# Preserving Cloth Saddles From 40s & 50s



## pedalpower17 (Sep 22, 2017)

Any recommendations for products to clean and preserve those cloth/?? saddles that were the standard on 40s and 50s balloon tires?


----------



## rustjunkie (Sep 22, 2017)

To clean: damp sponge, light touch.
To preserve: keep in the dark, don't use.


----------



## pedalpower17 (Sep 22, 2017)

rustjunkie said:


> To clean: damp sponge, light touch.
> To preserve: keep in the dark, don't use.

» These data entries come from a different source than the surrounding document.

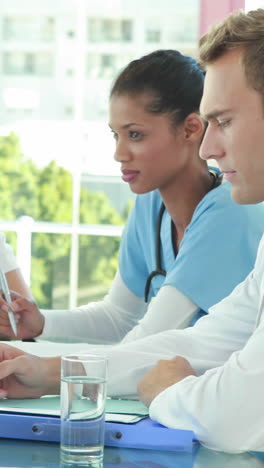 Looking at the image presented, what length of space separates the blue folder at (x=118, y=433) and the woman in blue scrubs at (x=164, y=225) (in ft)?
2.43

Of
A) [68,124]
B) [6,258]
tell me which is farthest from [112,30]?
[6,258]

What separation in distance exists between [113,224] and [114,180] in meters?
0.26

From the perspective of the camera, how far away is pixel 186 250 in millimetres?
1993

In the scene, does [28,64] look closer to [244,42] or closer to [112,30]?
[112,30]

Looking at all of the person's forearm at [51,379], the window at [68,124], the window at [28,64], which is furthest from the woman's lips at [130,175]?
the window at [28,64]

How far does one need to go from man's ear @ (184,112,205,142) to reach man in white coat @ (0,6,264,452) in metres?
0.50

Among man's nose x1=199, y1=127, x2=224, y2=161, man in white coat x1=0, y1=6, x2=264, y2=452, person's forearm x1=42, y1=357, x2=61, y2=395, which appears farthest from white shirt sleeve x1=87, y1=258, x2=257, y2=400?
man's nose x1=199, y1=127, x2=224, y2=161

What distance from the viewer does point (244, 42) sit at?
156cm

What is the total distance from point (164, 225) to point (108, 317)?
0.95 feet

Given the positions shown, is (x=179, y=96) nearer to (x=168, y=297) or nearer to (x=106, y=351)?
(x=168, y=297)

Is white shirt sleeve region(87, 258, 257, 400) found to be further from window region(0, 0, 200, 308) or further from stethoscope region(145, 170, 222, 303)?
window region(0, 0, 200, 308)

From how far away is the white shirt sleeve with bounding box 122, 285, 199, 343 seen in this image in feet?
6.35

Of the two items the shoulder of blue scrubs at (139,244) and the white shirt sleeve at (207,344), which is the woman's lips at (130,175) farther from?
the white shirt sleeve at (207,344)

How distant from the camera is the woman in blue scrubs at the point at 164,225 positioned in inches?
77.1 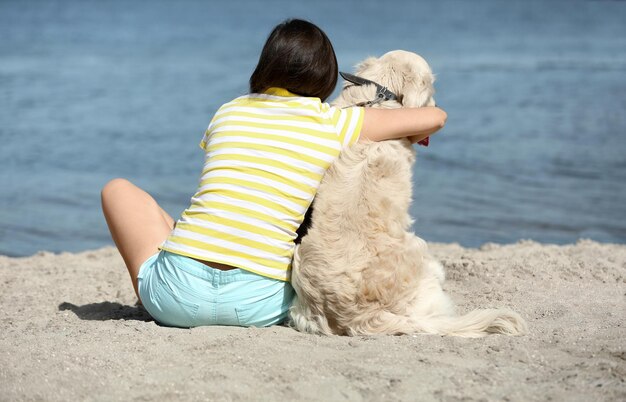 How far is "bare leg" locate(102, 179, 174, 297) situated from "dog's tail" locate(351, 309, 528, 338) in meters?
1.10

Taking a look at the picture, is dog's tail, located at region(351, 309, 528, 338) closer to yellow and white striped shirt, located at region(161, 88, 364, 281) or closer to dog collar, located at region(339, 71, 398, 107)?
yellow and white striped shirt, located at region(161, 88, 364, 281)

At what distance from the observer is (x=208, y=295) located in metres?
3.57

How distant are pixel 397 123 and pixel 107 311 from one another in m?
2.00

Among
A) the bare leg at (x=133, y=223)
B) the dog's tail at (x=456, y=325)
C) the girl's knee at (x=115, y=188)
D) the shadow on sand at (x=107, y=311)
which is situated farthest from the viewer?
the shadow on sand at (x=107, y=311)

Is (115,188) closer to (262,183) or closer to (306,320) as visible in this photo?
(262,183)

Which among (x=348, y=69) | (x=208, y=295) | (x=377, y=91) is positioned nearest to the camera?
(x=208, y=295)

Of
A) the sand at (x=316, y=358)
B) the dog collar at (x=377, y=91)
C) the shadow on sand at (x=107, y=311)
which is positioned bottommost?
the shadow on sand at (x=107, y=311)

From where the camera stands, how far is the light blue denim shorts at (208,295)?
Result: 356 cm

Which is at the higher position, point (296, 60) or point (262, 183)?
point (296, 60)

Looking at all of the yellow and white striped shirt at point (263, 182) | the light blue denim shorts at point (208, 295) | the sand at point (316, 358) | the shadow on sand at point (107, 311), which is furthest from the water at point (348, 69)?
the yellow and white striped shirt at point (263, 182)

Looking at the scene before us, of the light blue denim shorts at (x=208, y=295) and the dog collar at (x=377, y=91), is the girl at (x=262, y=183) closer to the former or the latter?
the light blue denim shorts at (x=208, y=295)

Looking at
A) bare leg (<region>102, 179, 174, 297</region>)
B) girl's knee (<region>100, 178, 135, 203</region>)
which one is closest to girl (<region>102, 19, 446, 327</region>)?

Hi, Junkie.  I get your point, but do you know if products intended for leather have any benefit, or cause any damage, to whatever material that is that covers these saddles?


----------



## rustjunkie (Sep 22, 2017)

The material is a coated canvas (very different from leather) that was intended to be water resistant. Unfortunately I don't know of anything that will be of benefit.


----------



## Autocycleplane (Sep 22, 2017)

http://www.trek7.com/

Something more fabric focused vs leather would be where I would start.


----------



## SirMike1983 (Sep 22, 2017)

I think the material in question is named 'fabrikoid'. It was used extensively on old luggage. Perhaps check with someone who collects old luggage/suitcases.


----------



## bricycle (Sep 25, 2017)

keep under 80' and away from sun. It's cloth, so there's not much one can do...


----------



## Boris (Sep 30, 2017)

https://thecabe.com/forum/threads/how-to-treat-a-seat-with-an-oilcloth-cover.97206/#post-628817 This may make some cringe, but painting as suggested in the attached thread, did the trick on one of my crusty saddles. I'm hoping that it will help to preserve it some, since I knew it would deteriorate fast if I left it as is.


----------



## vincev (Sep 30, 2017)

Are you talking about old oil cloth seats??


----------